__/ [M] on Saturday 14 January 2006 18:17 \__
> Roy Schestowitz wrote:
>> __/ [M] on Friday 13 January 2006 22:54 \__
>>> Malware Magnet wrote:
>>>> On 2006-01-13, Roy Culley <rgc@xxxxxxxxxxxxx> wrote:
>>>>> Open source scored its latest government takeover, with MySQL AB
>>>>> nabbing a five-year contract with the General Services
>>>>> Administration that will put its open-source database at the
>>>>> fingertips of government customers.
>>>>> As it is, MySQL already hums under thousands of federal, state and
>>>>> local government entities, including Los Alamos National Labs, the
>>>>> U.S. Census Bureau, the U.S. Geological Survey, NASA and the
>>>>> Department of Defense.
>>>> This is interesting. I'm surprised they're not running with PostgreSQL,
>>>> but it is still a step in the right direction.
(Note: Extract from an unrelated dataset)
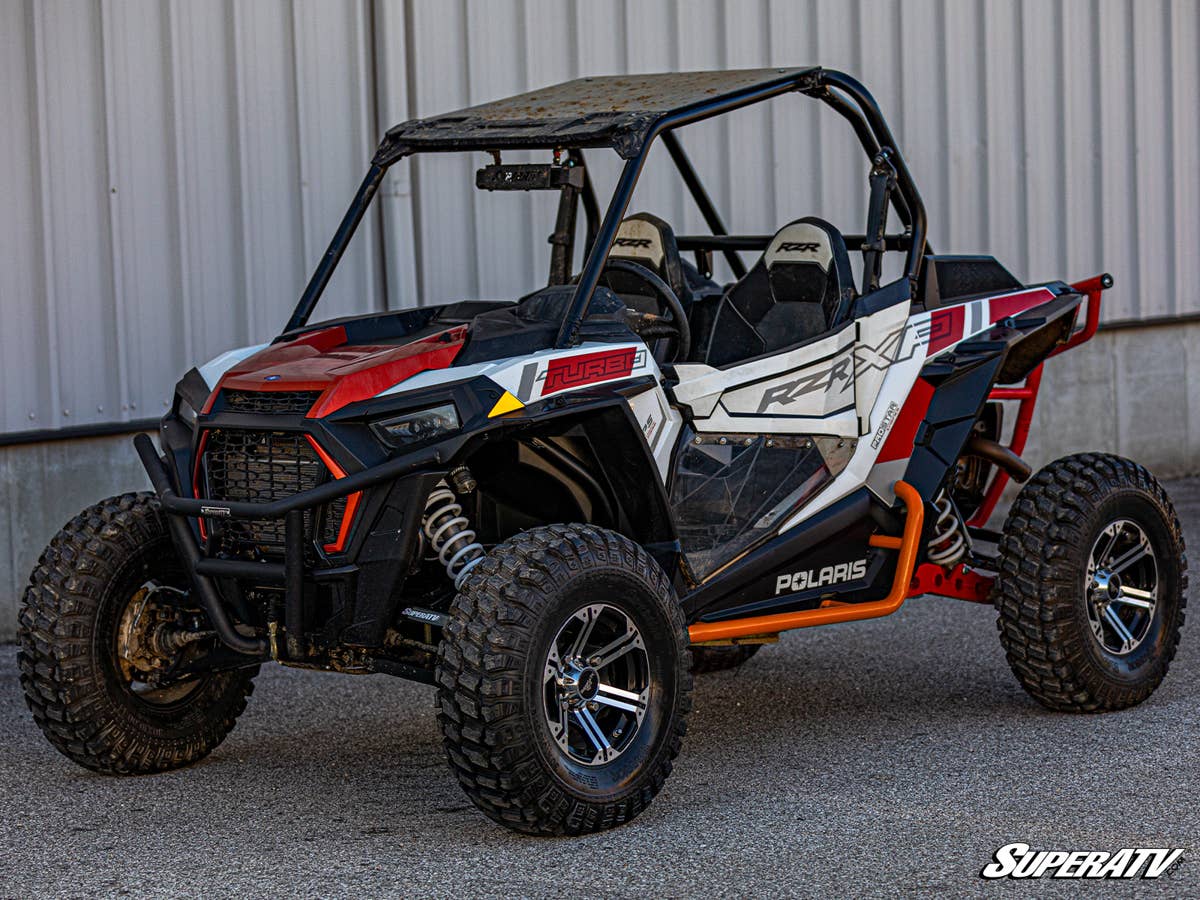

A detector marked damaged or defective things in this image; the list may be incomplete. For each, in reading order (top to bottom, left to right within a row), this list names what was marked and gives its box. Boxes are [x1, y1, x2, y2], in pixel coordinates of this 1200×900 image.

rusty metal roof panel [379, 67, 820, 160]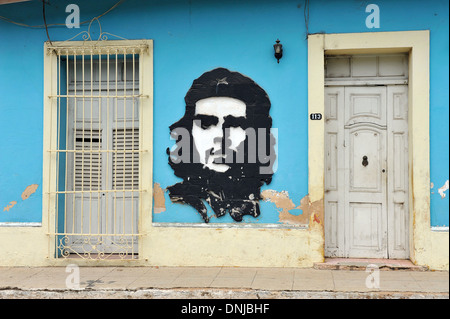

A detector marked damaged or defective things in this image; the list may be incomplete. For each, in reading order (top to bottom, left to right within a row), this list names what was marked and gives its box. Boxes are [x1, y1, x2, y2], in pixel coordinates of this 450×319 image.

peeling paint [21, 184, 38, 201]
>>> In most of the books/articles/whatever that I have read about Php and
>>> backend databases, they seem to invariable mention MySQL and not
>>> PostgreSQL. Any thought why that should be?
>> I occasionally hear that PostgreSQL performs better and is more scalable.
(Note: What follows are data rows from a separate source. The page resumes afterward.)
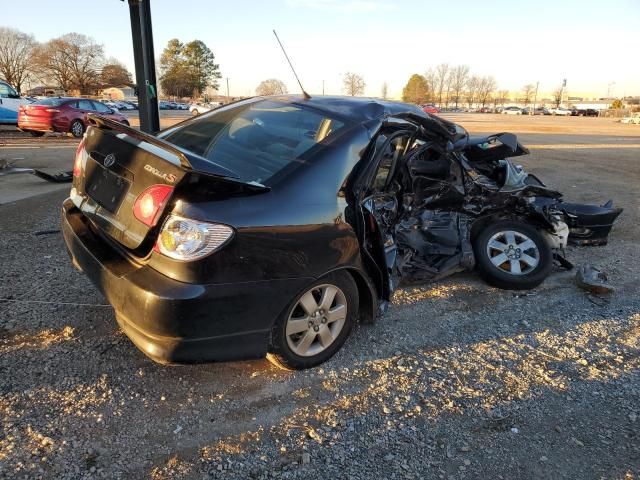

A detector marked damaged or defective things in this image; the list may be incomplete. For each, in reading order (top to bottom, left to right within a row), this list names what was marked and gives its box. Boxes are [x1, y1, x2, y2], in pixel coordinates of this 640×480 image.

wrecked black sedan [62, 95, 624, 370]
bent car frame [62, 95, 624, 370]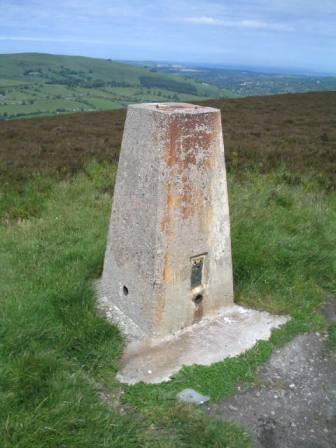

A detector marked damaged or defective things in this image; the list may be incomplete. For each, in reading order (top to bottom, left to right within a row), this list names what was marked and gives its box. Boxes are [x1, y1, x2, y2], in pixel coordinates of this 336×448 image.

cracked concrete base [116, 306, 288, 384]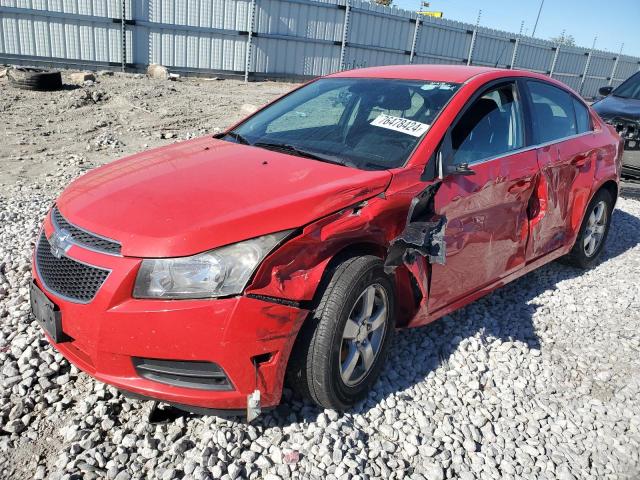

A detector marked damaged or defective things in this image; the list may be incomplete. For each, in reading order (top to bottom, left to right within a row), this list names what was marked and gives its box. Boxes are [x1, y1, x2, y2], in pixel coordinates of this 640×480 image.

broken windshield [222, 77, 458, 171]
crumpled hood [592, 94, 640, 120]
crumpled hood [57, 137, 390, 256]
>> In of the new shared server of my Web host, it is even offered as an
>> option, alongside MySQL. it wasn't the case with the older server.
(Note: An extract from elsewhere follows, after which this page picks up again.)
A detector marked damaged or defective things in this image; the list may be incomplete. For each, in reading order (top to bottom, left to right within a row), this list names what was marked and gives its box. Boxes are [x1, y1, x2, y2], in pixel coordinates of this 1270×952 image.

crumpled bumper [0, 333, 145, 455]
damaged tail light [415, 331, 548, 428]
>> It might be just a matter of time until PostgreSQL earns its deserved
>> reputation. I was trying to find benchmarks once, but wasn't successful. I
>> guess people like an SQL database that's *theirs*, not owned by some
>> postgraduate student.
>> In a recent benchmark involving commercial databases and MySQL (not
>> PostgreSQL), MySQL beat Oracle, IBM, and Microsoft.
> Intersting info Roy cheers :-)
> I did a quick Google for Benchmarking PostgreSQL and My SQL and found this:
> Which includes this comment:
> MySQL vs PostgreSQL
> by Marco Schramp (12263) on Monday August 09, @11:35PM (#1755602)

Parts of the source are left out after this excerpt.